(Task directions)
Using the entries below, write out the line with "Strawberry Super Soft", the line with "Coming Soon: Bügelbild", and every line in between, exactly as each is written.

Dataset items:
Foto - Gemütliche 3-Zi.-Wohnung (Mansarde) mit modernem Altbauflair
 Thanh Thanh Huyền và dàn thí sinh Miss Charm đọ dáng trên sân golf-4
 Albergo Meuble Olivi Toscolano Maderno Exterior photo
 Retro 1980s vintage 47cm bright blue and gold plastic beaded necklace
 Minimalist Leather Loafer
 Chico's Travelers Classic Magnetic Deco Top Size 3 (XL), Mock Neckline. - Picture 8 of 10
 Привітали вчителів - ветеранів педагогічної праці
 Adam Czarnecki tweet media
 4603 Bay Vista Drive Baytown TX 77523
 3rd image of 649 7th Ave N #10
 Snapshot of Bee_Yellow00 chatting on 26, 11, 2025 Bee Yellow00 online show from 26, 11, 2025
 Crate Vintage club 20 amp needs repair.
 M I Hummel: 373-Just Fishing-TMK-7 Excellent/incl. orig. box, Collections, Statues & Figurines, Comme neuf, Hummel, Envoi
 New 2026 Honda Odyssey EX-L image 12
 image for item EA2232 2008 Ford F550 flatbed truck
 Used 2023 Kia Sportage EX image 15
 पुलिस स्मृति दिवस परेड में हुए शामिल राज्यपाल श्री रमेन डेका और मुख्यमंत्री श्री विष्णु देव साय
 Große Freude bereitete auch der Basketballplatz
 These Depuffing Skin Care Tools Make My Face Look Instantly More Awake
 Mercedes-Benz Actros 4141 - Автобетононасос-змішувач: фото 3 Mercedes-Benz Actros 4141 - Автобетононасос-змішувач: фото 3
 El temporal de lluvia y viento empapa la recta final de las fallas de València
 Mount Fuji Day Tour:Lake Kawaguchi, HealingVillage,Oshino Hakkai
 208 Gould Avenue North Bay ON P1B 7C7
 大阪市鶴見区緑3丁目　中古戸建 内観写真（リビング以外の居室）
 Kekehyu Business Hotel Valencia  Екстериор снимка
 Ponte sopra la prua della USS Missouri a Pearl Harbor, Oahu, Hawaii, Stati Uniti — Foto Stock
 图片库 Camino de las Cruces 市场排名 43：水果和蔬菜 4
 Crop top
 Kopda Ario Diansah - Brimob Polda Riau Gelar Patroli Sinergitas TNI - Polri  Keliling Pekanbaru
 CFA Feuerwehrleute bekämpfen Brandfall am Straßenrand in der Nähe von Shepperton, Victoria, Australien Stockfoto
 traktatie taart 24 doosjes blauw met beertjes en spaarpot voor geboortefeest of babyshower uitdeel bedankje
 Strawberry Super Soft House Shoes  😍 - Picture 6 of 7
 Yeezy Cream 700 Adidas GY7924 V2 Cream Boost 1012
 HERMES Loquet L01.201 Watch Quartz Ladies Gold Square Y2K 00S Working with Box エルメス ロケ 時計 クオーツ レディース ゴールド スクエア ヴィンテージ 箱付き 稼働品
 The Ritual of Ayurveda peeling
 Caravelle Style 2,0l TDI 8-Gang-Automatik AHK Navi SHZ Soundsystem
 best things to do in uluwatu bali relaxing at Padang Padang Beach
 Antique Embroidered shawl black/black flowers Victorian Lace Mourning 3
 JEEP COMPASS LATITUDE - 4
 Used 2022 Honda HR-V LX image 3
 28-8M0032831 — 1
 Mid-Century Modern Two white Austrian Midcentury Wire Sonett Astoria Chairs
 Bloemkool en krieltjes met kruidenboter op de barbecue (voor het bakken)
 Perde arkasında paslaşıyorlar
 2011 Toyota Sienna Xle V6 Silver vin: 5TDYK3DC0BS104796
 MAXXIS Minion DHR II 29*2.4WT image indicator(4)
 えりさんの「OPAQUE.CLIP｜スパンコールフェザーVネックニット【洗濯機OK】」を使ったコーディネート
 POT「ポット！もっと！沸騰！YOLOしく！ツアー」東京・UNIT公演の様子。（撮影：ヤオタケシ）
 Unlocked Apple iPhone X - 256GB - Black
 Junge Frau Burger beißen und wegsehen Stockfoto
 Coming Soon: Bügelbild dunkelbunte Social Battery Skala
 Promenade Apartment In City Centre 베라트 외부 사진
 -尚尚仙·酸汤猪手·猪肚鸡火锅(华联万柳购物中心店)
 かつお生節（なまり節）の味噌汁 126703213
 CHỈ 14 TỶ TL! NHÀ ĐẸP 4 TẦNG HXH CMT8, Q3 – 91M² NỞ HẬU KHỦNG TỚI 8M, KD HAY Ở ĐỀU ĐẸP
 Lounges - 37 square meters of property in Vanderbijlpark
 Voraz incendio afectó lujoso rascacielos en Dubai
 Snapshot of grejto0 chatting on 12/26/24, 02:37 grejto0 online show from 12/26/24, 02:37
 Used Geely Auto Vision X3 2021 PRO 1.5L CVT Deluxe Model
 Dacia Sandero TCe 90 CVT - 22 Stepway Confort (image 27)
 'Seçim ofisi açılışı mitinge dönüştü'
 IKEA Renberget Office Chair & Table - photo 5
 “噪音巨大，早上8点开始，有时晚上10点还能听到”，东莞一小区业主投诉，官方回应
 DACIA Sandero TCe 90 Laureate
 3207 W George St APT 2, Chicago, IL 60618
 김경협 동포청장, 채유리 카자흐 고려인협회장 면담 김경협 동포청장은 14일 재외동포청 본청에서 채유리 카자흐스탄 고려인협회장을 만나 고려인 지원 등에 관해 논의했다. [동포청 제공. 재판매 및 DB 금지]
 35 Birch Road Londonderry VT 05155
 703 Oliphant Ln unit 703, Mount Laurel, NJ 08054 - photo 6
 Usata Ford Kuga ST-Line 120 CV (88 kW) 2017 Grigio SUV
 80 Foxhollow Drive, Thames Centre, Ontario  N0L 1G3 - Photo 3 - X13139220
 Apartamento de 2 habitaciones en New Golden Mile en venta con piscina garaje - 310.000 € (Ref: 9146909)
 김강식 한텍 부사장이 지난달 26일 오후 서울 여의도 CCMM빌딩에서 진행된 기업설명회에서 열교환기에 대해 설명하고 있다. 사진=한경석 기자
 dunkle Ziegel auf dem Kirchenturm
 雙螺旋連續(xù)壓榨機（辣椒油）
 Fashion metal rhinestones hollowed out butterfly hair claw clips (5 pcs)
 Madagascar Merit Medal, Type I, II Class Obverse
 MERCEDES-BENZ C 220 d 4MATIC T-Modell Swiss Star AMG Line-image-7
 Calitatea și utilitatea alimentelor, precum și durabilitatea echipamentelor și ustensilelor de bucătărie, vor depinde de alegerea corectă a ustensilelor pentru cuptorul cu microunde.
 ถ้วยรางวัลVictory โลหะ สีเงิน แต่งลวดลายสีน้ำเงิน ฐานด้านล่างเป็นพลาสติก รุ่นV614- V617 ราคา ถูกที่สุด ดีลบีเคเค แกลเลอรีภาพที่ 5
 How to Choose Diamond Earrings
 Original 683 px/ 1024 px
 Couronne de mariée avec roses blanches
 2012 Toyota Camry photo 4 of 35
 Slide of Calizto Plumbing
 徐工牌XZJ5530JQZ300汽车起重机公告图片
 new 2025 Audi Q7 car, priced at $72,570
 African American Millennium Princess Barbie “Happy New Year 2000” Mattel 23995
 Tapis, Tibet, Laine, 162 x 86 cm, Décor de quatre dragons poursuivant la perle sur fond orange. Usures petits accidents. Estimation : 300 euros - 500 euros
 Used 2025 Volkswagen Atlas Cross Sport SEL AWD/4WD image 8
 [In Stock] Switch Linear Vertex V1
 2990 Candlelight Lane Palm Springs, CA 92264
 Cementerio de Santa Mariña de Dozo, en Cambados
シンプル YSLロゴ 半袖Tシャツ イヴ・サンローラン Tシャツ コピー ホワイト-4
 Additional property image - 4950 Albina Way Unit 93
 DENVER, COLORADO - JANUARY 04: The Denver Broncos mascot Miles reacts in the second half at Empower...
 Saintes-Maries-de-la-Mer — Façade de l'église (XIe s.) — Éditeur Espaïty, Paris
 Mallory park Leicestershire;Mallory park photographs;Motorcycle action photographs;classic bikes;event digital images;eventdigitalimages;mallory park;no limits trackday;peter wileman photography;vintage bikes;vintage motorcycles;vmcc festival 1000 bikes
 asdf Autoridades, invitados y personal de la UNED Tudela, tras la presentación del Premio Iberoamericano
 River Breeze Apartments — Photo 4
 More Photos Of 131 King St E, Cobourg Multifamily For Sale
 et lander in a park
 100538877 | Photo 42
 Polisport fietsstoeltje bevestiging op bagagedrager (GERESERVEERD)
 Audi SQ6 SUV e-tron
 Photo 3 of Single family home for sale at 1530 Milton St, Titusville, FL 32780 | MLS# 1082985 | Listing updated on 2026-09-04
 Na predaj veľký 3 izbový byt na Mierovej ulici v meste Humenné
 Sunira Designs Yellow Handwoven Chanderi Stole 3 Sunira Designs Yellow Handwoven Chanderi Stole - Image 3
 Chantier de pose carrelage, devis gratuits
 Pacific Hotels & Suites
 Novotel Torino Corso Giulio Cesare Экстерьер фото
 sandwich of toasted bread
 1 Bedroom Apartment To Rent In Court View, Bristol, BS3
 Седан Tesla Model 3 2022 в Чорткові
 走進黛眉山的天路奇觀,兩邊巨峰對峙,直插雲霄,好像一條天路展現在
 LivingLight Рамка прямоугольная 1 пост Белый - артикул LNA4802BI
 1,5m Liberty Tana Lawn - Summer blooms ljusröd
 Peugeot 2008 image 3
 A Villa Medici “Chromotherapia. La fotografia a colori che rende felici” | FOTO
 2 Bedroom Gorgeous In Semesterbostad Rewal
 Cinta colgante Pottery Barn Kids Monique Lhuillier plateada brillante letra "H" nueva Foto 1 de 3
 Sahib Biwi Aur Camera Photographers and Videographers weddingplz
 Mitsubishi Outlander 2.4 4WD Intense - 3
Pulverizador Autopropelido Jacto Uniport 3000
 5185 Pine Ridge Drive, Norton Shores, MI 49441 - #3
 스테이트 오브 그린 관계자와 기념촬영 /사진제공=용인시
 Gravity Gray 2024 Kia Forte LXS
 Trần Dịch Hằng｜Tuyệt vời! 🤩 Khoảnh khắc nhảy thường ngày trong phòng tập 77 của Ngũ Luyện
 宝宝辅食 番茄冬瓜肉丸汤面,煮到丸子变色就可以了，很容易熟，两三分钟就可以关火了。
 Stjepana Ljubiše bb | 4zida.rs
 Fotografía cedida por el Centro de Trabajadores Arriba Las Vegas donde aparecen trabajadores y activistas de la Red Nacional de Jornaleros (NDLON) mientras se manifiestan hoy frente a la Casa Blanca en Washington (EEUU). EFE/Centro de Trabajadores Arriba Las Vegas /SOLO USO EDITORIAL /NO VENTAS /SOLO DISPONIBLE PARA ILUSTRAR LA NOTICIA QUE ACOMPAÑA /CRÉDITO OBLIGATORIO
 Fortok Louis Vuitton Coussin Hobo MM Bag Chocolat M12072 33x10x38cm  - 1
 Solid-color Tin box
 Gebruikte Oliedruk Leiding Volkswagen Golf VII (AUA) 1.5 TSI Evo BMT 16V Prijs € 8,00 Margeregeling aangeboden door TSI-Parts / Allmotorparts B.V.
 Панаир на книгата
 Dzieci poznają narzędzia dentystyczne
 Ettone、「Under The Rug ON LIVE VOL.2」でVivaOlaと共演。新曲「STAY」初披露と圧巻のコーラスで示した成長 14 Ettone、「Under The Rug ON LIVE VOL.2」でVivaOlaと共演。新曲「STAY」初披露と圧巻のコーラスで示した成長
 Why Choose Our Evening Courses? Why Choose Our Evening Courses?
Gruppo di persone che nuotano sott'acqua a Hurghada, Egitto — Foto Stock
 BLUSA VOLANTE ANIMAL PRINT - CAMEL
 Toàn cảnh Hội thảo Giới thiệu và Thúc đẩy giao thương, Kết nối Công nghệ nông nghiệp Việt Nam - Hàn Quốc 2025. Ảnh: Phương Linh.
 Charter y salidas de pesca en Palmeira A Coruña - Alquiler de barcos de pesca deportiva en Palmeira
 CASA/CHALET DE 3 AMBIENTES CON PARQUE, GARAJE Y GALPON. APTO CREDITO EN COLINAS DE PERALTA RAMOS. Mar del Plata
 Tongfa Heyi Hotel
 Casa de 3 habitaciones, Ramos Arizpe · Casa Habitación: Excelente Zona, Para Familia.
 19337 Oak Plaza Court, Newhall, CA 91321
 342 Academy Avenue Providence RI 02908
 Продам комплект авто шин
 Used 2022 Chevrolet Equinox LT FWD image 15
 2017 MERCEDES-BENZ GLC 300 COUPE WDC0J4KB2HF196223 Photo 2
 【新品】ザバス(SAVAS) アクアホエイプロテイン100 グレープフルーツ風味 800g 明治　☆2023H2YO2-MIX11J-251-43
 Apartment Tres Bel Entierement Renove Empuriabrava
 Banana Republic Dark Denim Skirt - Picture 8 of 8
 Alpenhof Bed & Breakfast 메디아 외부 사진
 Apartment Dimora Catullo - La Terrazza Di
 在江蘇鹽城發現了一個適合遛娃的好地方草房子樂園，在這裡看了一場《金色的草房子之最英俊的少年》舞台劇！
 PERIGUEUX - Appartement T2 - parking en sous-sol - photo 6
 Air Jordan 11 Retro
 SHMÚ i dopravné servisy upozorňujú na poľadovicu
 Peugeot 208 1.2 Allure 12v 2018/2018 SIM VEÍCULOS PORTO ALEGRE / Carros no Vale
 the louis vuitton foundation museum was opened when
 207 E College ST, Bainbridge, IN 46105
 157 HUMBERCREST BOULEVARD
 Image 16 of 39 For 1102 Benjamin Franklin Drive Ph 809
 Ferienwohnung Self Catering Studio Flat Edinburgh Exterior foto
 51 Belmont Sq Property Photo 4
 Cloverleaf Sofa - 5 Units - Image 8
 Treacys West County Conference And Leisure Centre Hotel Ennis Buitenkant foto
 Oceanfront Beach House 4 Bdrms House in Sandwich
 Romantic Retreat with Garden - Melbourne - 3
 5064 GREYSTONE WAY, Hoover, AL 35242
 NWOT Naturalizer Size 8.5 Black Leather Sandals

(Answer to this exercise)
 Strawberry Super Soft House Shoes  😍 - Picture 6 of 7
 Yeezy Cream 700 Adidas GY7924 V2 Cream Boost 1012
 HERMES Loquet L01.201 Watch Quartz Ladies Gold Square Y2K 00S Working with Box エルメス ロケ 時計 クオーツ レディース ゴールド スクエア ヴィンテージ 箱付き 稼働品
 The Ritual of Ayurveda peeling
 Caravelle Style 2,0l TDI 8-Gang-Automatik AHK Navi SHZ Soundsystem
 best things to do in uluwatu bali relaxing at Padang Padang Beach
 Antique Embroidered shawl black/black flowers Victorian Lace Mourning 3
 JEEP COMPASS LATITUDE - 4
 Used 2022 Honda HR-V LX image 3
 28-8M0032831 — 1
 Mid-Century Modern Two white Austrian Midcentury Wire Sonett Astoria Chairs
 Bloemkool en krieltjes met kruidenboter op de barbecue (voor het bakken)
 Perde arkasında paslaşıyorlar
 2011 Toyota Sienna Xle V6 Silver vin: 5TDYK3DC0BS104796
 MAXXIS Minion DHR II 29*2.4WT image indicator(4)
 えりさんの「OPAQUE.CLIP｜スパンコールフェザーVネックニット【洗濯機OK】」を使ったコーディネート
 POT「ポット！もっと！沸騰！YOLOしく！ツアー」東京・UNIT公演の様子。（撮影：ヤオタケシ）
 Unlocked Apple iPhone X - 256GB - Black
 Junge Frau Burger beißen und wegsehen Stockfoto
 Coming Soon: Bügelbild dunkelbunte Social Battery Skala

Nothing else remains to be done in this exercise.